Tantalizing TUNA Tango: Fresh Fillet Salad Sensation

6  servings

10 min

Ingredients

  • 3 glass jars of TUNA fillet oil-packed
  • 1/4 cup thinly sliced red onion
  • 1/4 cup red wine vinegar
  • 1 tablespoons fresh lemon juice
  • 1 tablespoon mustard
  • 1 teaspoon honey
  • 3/4 teaspoon  salt
  • 1/2 teaspoon black pepper
  • 5 tablespoons olive oil
  • 1 (200g) jar pitted olives, drained and roughly chopped (about 1 cup)
  • 1 (250g) jar oil-packed sun-dried tomato halves, drained and roughly chopped (about 1 packed cup)
  • 3 large celery stalks with leaves, thinly sliced (about 1/4 cups)
  • 1/2 cup fresh basil leaves, roughly chopped

Instructions

  1. Place onion in a small bowl, and add red wine vinegar; set aside.
  2. Whisk together lemon juice, mustard, honey, salt, pepper, and 3 tablespoons of the olive oil in a large bowl.
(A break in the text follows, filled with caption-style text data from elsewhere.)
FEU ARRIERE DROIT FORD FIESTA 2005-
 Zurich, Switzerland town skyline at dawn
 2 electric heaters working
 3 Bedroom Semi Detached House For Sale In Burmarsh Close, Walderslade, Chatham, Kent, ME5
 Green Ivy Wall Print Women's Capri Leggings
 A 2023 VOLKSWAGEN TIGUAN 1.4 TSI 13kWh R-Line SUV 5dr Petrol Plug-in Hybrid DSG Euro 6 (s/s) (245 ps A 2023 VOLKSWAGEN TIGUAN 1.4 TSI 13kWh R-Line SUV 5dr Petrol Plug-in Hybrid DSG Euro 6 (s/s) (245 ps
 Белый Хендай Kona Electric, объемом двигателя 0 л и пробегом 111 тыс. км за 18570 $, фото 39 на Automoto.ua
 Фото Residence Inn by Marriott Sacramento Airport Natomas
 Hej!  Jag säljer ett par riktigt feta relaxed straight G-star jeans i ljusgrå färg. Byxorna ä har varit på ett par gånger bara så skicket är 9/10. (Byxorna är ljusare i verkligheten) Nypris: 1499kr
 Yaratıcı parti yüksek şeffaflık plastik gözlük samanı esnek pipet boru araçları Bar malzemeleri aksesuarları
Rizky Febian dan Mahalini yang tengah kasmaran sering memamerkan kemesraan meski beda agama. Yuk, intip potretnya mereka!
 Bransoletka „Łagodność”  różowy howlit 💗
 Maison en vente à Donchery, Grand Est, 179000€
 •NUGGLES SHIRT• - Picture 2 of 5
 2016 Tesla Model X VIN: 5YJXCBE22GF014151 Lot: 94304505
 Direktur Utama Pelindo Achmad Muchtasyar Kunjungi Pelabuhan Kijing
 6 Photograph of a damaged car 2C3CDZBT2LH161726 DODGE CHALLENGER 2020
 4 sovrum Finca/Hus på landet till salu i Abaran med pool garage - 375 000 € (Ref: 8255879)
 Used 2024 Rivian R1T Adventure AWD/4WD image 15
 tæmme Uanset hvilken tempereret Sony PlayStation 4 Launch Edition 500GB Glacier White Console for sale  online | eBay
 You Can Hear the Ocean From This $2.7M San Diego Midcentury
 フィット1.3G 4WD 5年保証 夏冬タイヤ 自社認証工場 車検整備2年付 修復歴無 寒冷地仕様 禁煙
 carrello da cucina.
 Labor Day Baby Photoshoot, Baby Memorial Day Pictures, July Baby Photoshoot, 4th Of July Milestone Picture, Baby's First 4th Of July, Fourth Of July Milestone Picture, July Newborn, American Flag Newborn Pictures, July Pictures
Fold in tuna, olives, sun-dried tomatoes, celery, and basil. Drain onions, and fold into tuna mixture.
  3. If serving immediately, drizzle remaining 2 tablespoons oil over tuna salad, folding to coat. Alternatively, cover tuna salad, and refrigerate until ready to serve. Drizzle with remaining 2 tablespoons olive oil, folding to coat just before serving.

Savor the goodness of the sea and let your taste buds rejoice!